Adding COVID-19 to the handbook


Kim Brooks
Babbling Brooks Column
By: 
Kim Brooks
Express Editor

     So many entities have been impacted by coronavirus: businesses, non-profits, government services/entities, schools, churches, even individual family life.

     In talking with Dr. Brian Jaeger last week, superintendent of Monticello schools, it hit me… Who would have ever thought we’d all need a COVID-19 chapter in our handbooks?

     Think about it… Did you ever think your business would need a policy or chapter on how to deal with and operate under a worldwide pandemic? Did schools ever think they’d need to address operations during a pandemic? What about churches?

     And one policy is not one-size-fits-all. What works for one business does not work for another. What works for your family does not work for your neighbor.

     Due to the fact that Monticello unfortunately became a COVID-19 hotspot recently, the Monticello Express went back to locking our door and offering customer service over the phone, via email, or outside of our building. All of our employees are wearing facemasks inside the office.

     Some other businesses chose to take a couple steps back. One restaurant decided to discontinue dine-in services and resort to carry-outs/pick-up again. Another shut down its buffet for the time being. All in an effort to keep the community safe and healthy.

     A few weeks ago, before the Fourth of July, we all thought we were in the clear. Case numbers and deaths were on the decline. Now, numbers are on the rise locally, causing some of us to rethink our business and personal strategies.

     So if you had a chapter in your handbook regarding “how to handle work life during a pandemic,” what might that look like?

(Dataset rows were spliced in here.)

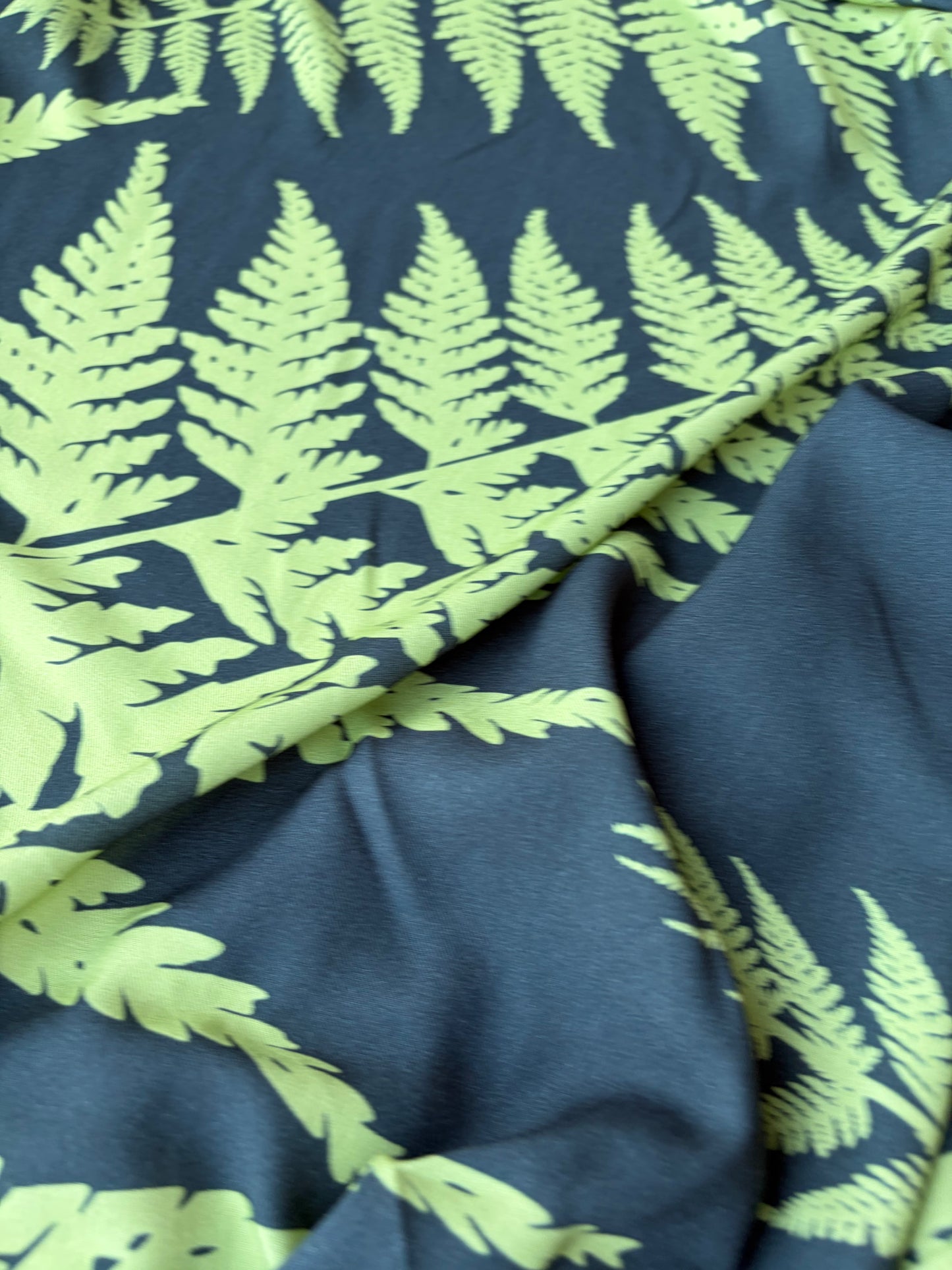 HOMER 006 viscose twill print green/grey giant leaves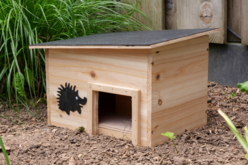 abri cabane hérisson - Jardinage enfants - 10doigts.fr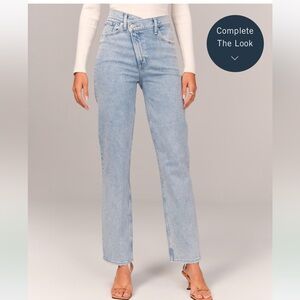 Abercrombie & Fitch 90’s Straight Ultra High Rise Jeans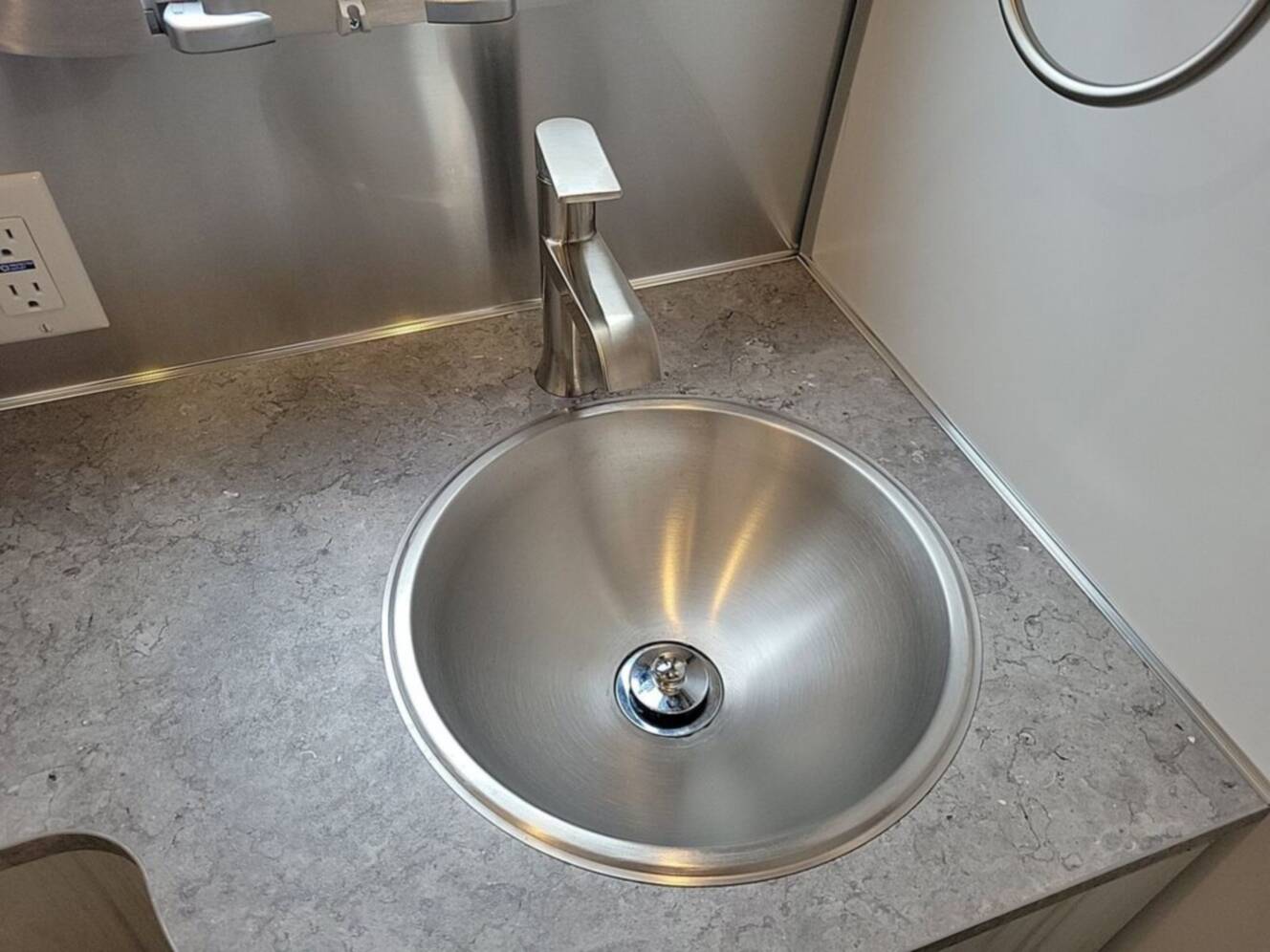 A photo of this 2026 Airstream International 27FBQ Queen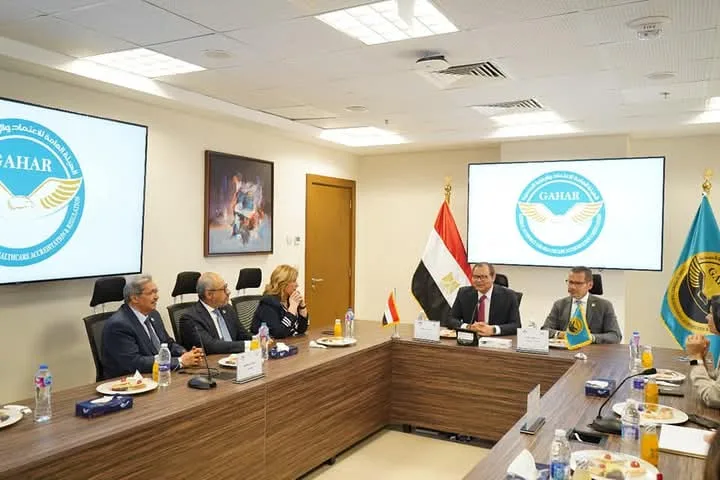 رئيس هيئة الاعتماد والرقابة الصحية يناقش مع اتحاد المستشفيات العربية إنشاء نظام صحي عربي متكامل. رئيس هيئة الاعتماد والرقابة الصحية يناقش مع اتحاد المستشفيات العربية إنشاء نظام صحي عربي متكامل.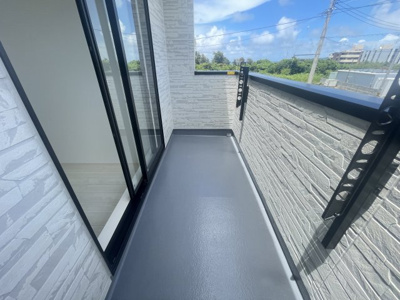 【バルコニー】 | うるま市与那城Ⅱ（全2棟）ラスト1号棟 | 1号棟　インナーバルコニー♪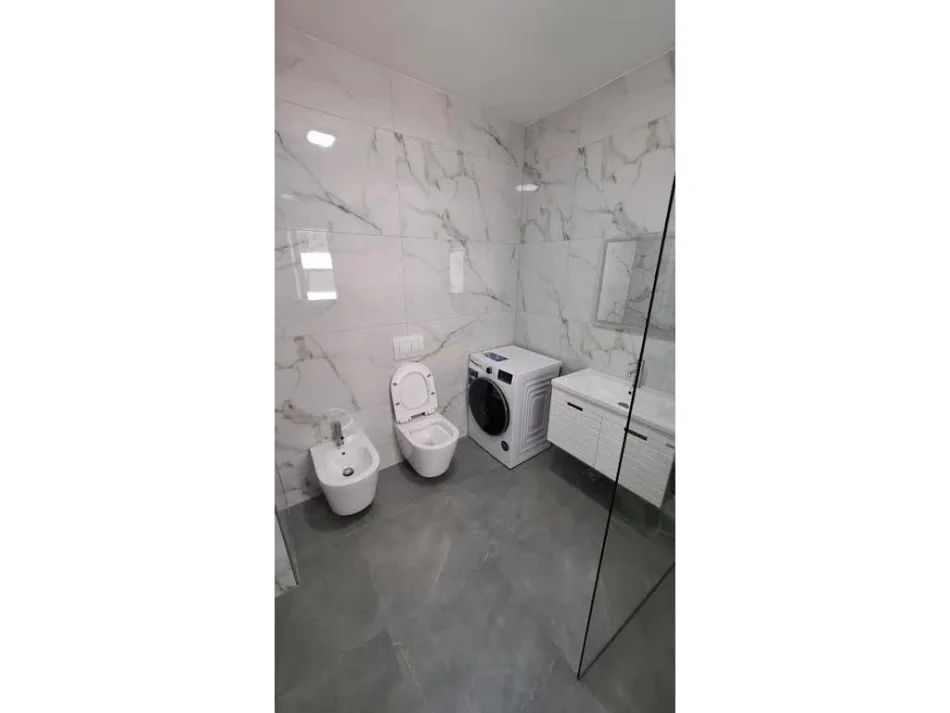 Tirane, jepet me qera apartament 2+1 Kati 4, 88 m² 650 € (Ish Parku NEW143391)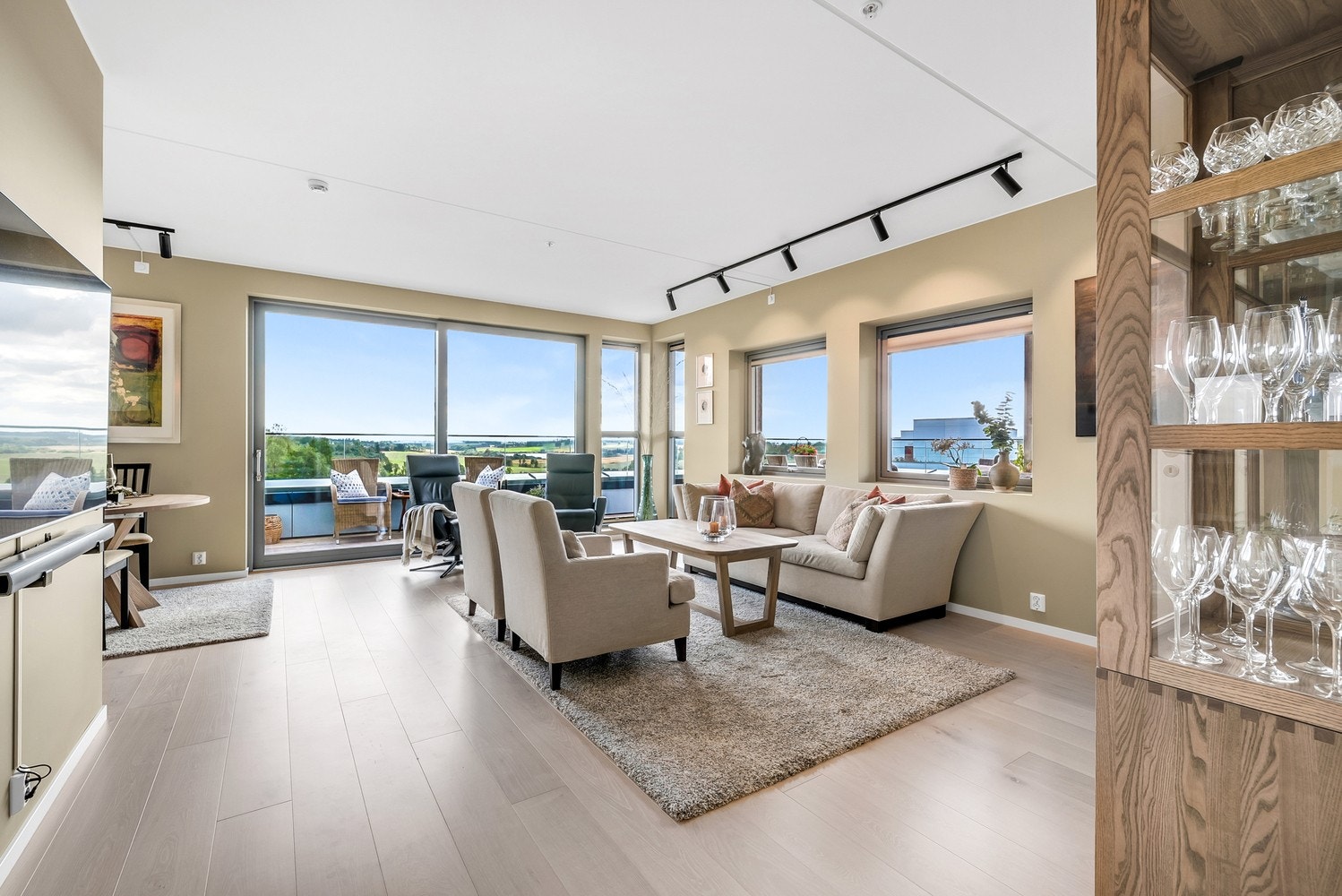 Leiligheten er fra 2023 og fremstår nærmest som ny. Det er en moderne leilighet med god takhøyde, listefritt tak og vinduer samt tidsriktig flis og fargevalg. Galleribilde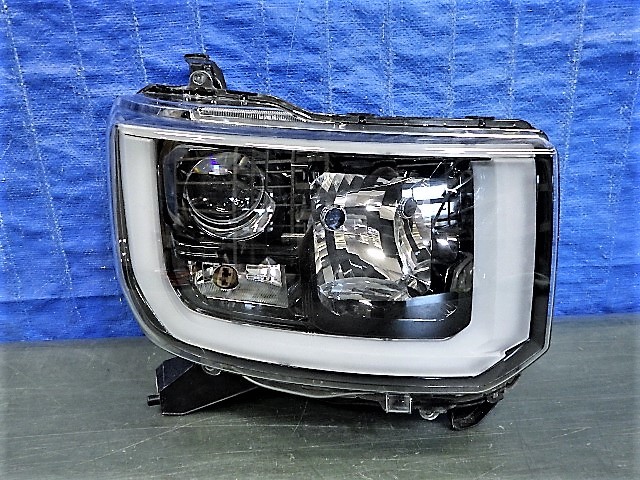 3479 ウェイク LA700S LA710S 右ライト LED W2664 良品 ウェイク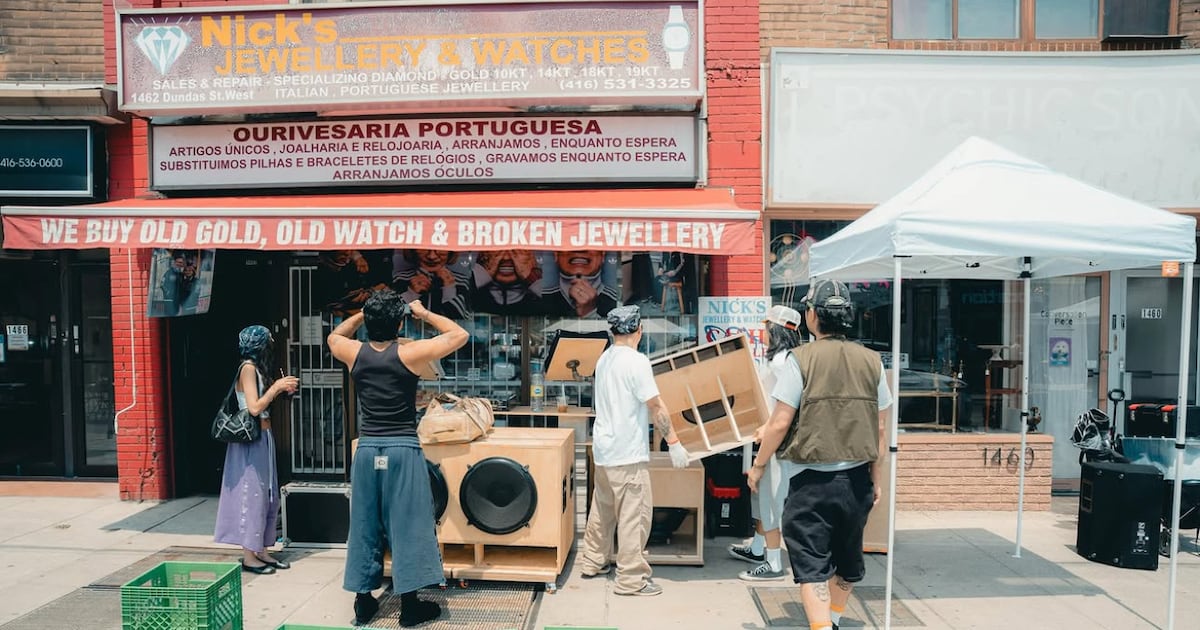 Toronto news: Video shows speaker stolen at Do West Fest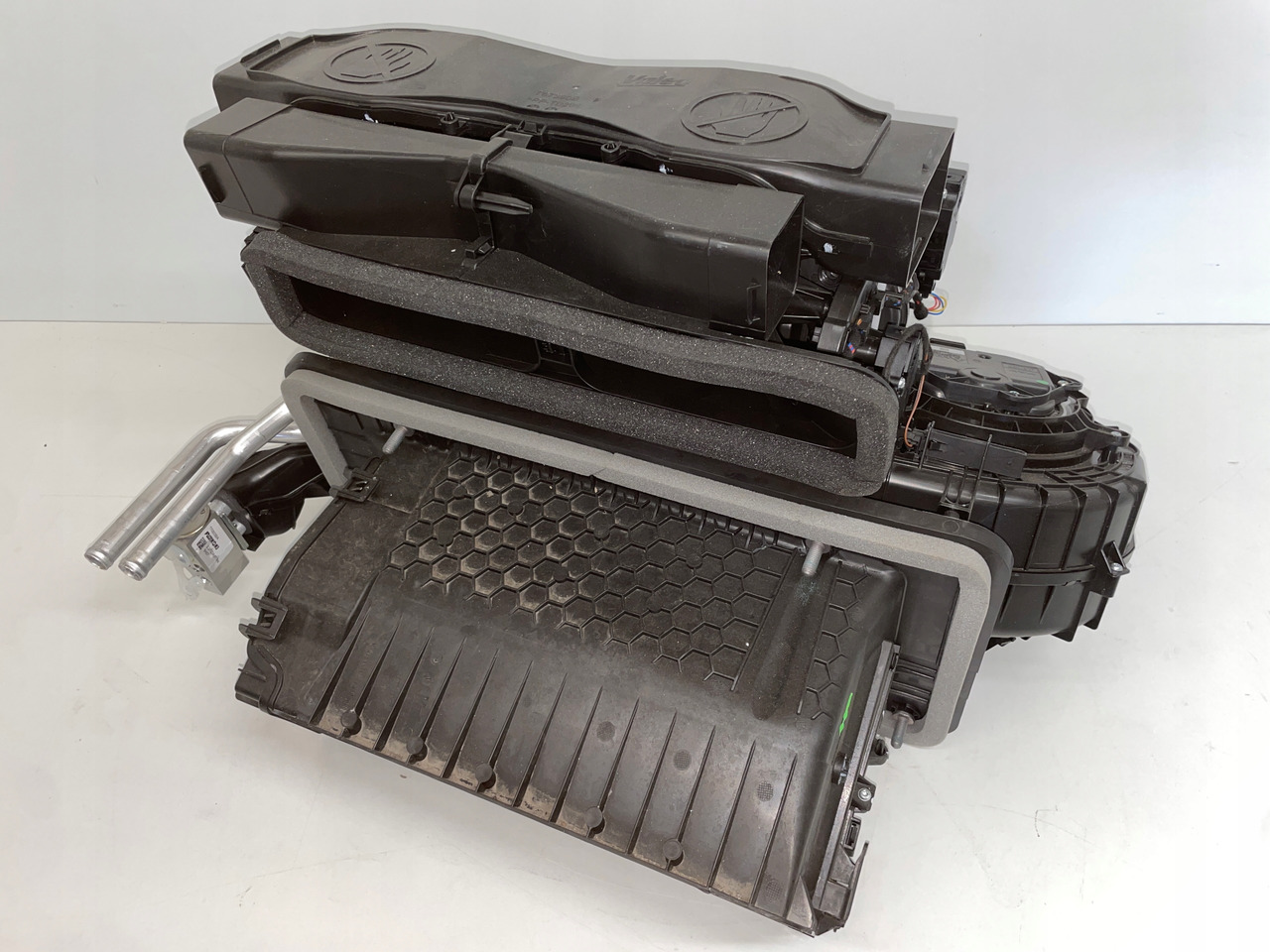 NAGRZEWNICA MAN TG3 TGX 3 TGX-3 81619006459 - مروحة مكيف - شاحنة: صور 3 NAGRZEWNICA MAN TG3 TGX 3 TGX-3 81619006459 - مروحة مكيف - شاحنة: صور 3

I think we’re all trying to figure that out right now…

     On another note, (though still related to COVID-19) Jill Cigrand here at the Express, who handles all of our Lifestyles content, was researching tidbits for our weekly “Years Gone By” column last week. She brought it to my attention that this year’s Great Jones County Fair marks the 10th anniversary of the 2010 flood. The Lake Delhi dam failed, causing the Maquoketa River to swell in Monticello, putting an abrupt stop to the fair that summer.

     Yes, the fair has seen flooding in the past, but that amount of water was unprecedented. And now, 10 years later, the fair is dealing with another “unprecedented” catastrophe: COVID-19. Who would have thought…

     I was personally looking forward to Alan Jackson this year at the fair. He was scheduled to perform on July 24, the exact same date he performed at the fair in 2010, the night before the fair shut down. It would have been a memorable night for sure.

     While the fair shut down completely following the flood 10 years ago, this year’s modified fair is a little different. You can read all about it in this week’s Express, but it’s something to take note of for sure.

     For the 4-H and FFA youth and their families, it’s not too different other than perhaps a change of venue or format for showing their livestock or exhibiting their F.A.S.T. projects. But for those who came to the fair to eat fried foods, enjoy your annual pilgrimage to buy a strawberry smoothie, to spend time at the beer tent, to ride on the Ferris wheel, or take in one heck of a concert, it’s an odd year.

     COVID-19 has really impacted every facet of life in 2020. That just means we hopefully have so much to look forward to in 2021…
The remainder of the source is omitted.